Degree GrantorUniversity of Canterbury
Degree NameMaster of Education
The philosophy of Olympism is integrated into The New Zealand Curriculum (Ministry of Education, 2007) through the four underlying concepts of the Health and Physical Education Learning Area. These links can be specifically identified in the concept of Attitudes and Values (Culpan, 2008b; Culpan, Bruce & Galvan, 2008; Thorn, 2010). Therefore, the aim of this research was to provide an insight into the knowledge that New Zealand secondary physical education teachers have about Olympism and their experiences teaching it. An interpretive, mixed-methods, methodology was used, with the research being conducted in two parts. Part One consisted of a survey that 12 participants completed. Part Two consisted of interviews with five of the 12 participants from Part One. All of the participants were Physical Education Head of Departments from secondary schools in the Christchurch region. The research showed that all 12 participants had heard of the term Olympism, however, only three participants identified as teaching it. In Part Two, the participants showed some general understanding of Olympism, however, they were unable to give a clear and concise definition.
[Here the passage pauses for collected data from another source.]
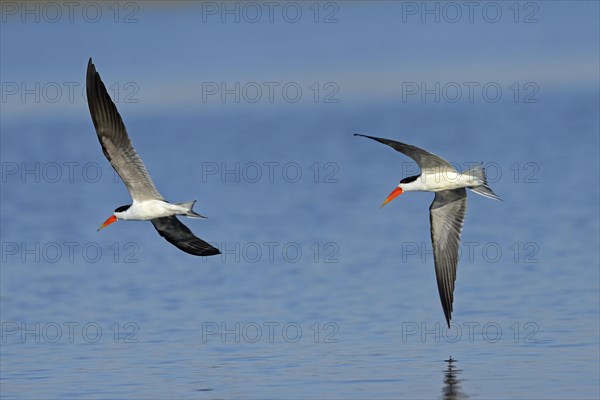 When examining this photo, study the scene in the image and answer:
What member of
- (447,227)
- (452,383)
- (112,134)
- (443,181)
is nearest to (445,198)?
→ (447,227)

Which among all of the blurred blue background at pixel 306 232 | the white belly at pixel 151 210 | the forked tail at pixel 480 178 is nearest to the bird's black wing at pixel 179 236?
the white belly at pixel 151 210

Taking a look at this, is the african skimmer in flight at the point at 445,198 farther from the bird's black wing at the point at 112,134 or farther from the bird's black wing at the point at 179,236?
the bird's black wing at the point at 112,134

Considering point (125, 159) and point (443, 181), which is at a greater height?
point (125, 159)

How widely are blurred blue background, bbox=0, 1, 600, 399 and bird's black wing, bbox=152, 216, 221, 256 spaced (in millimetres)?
1009

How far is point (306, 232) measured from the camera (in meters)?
19.7

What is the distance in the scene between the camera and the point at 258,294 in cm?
1537

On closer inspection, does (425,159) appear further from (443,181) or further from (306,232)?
(306,232)

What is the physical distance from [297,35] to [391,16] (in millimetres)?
6995

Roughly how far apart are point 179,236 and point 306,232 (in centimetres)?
712

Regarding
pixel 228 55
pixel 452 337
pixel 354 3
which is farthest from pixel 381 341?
pixel 354 3

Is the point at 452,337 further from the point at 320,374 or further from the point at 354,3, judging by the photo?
the point at 354,3

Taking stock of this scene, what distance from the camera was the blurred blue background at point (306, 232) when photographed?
39.7ft

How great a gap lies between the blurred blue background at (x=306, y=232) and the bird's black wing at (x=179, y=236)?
101 cm

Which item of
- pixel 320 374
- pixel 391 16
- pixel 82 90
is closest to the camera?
pixel 320 374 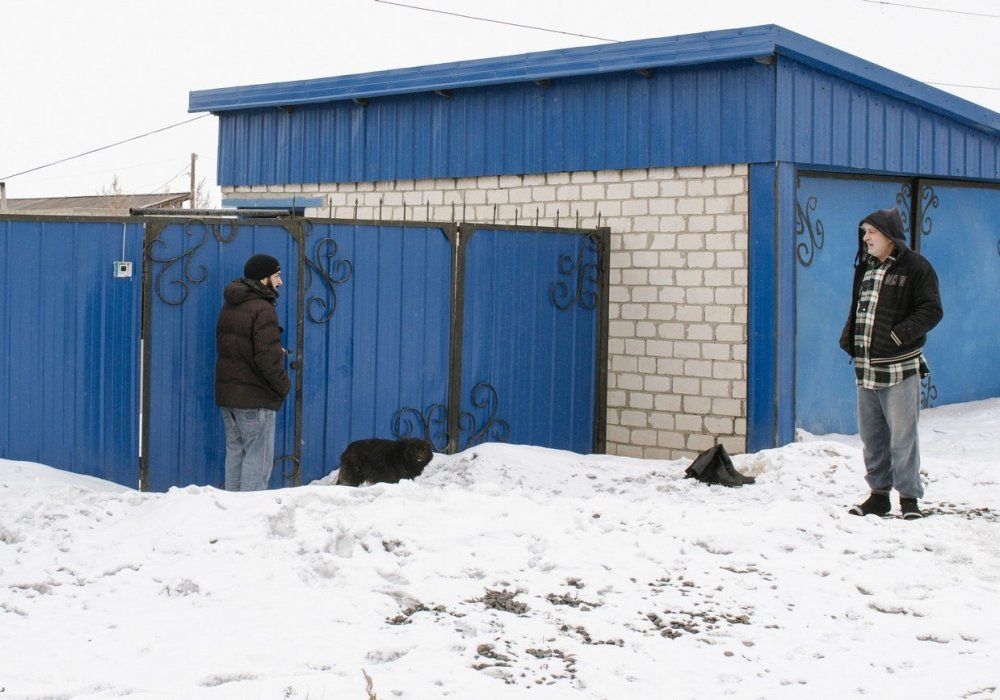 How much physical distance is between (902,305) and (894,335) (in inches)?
7.8

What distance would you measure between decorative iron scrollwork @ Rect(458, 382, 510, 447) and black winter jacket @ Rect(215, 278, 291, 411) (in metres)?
2.18

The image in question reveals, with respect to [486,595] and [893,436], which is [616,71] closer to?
[893,436]

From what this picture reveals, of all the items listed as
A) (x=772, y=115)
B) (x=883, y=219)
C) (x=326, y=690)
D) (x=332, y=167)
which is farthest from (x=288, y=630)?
(x=332, y=167)

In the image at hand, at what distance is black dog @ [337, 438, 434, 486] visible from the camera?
862 centimetres

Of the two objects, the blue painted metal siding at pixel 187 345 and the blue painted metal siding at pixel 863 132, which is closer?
the blue painted metal siding at pixel 187 345

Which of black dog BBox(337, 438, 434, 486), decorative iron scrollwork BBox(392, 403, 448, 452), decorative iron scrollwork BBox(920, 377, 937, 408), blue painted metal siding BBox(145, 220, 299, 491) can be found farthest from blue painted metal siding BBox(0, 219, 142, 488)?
decorative iron scrollwork BBox(920, 377, 937, 408)

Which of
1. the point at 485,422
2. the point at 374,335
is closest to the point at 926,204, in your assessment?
the point at 485,422

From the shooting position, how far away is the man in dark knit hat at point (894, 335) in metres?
6.76

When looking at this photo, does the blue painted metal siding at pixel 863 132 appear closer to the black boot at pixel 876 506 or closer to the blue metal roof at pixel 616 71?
the blue metal roof at pixel 616 71

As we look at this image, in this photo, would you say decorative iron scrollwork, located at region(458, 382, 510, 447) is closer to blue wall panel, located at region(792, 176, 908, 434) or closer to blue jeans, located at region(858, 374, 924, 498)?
blue wall panel, located at region(792, 176, 908, 434)

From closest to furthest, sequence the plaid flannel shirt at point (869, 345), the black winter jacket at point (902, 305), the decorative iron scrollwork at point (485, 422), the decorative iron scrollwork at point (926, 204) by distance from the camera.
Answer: the black winter jacket at point (902, 305), the plaid flannel shirt at point (869, 345), the decorative iron scrollwork at point (485, 422), the decorative iron scrollwork at point (926, 204)

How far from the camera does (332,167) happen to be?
13062mm

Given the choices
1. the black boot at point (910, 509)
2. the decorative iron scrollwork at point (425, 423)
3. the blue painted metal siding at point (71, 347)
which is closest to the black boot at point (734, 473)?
the black boot at point (910, 509)

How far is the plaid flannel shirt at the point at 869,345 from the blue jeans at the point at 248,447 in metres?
3.90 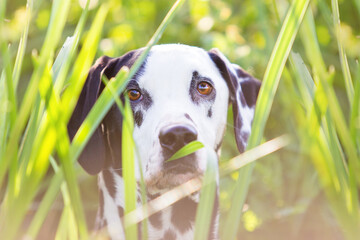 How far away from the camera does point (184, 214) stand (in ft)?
6.81

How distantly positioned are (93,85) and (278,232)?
1.66 m

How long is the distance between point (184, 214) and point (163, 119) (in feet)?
1.61

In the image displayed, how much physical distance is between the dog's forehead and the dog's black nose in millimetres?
297

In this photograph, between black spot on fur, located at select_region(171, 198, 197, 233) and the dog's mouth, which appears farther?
black spot on fur, located at select_region(171, 198, 197, 233)

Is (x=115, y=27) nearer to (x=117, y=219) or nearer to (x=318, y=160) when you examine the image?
(x=117, y=219)

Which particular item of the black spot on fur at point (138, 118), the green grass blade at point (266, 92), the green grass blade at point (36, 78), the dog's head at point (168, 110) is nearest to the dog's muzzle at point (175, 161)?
the dog's head at point (168, 110)

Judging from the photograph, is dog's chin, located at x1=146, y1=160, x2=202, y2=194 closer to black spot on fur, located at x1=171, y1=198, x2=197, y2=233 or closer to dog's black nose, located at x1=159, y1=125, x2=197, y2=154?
dog's black nose, located at x1=159, y1=125, x2=197, y2=154

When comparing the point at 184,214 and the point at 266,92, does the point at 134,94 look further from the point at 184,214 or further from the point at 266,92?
the point at 266,92

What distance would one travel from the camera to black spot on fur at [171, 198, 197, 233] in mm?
2057

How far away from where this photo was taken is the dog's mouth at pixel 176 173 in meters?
1.77

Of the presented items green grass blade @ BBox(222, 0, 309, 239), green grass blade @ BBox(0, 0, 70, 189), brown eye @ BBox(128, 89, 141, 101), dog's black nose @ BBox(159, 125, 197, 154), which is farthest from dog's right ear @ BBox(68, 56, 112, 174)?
green grass blade @ BBox(222, 0, 309, 239)

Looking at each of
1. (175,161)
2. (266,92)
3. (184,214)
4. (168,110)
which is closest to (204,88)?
(168,110)

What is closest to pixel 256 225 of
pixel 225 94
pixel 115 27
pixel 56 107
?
pixel 225 94

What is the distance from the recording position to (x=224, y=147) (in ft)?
10.8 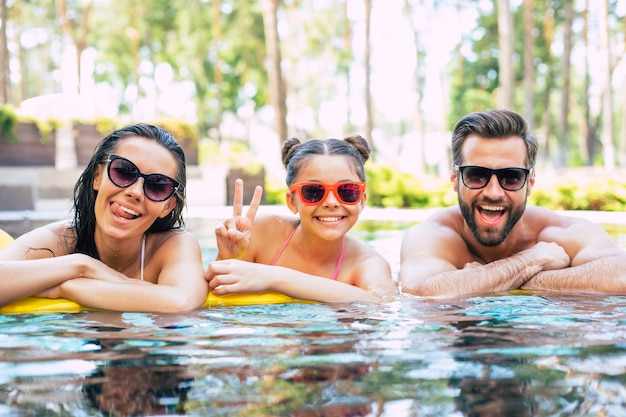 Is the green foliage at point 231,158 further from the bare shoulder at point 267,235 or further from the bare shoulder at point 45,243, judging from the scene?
the bare shoulder at point 45,243

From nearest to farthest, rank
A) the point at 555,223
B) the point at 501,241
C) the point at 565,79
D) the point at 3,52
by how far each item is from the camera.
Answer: the point at 501,241 → the point at 555,223 → the point at 3,52 → the point at 565,79

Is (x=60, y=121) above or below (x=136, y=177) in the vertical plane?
above

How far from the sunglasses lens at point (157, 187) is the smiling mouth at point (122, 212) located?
0.41ft

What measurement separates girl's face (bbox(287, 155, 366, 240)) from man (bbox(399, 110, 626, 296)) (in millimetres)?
576

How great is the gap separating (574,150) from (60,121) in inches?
2121

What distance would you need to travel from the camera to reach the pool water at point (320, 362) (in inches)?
78.7

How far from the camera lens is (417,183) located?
1470 centimetres

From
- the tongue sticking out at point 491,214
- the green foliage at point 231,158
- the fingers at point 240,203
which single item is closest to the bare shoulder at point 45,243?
the fingers at point 240,203

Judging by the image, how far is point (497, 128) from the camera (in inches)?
173

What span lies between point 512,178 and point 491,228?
358 millimetres

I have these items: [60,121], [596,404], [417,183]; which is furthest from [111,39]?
[596,404]

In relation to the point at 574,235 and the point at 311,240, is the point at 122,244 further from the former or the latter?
the point at 574,235

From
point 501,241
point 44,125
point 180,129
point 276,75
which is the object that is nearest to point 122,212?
point 501,241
They thought that the development of moral character was an important part of physical education and could see that Olympism could be used to develop this. Participants could see implicit links between Olympism and the curriculum; those who taught Olympism did so using a wide variety of implicit and explicit approaches. This research highlighted that Olympism does have a presence in physical education; however, considerable work needs to be done to ensure that this is consistent and effective. From this research, I suggest a focus on pre-service and in-service education, the updating of resources and development of a daily lesson framework to improve the teaching of Olympism in secondary physical education in New Zealand.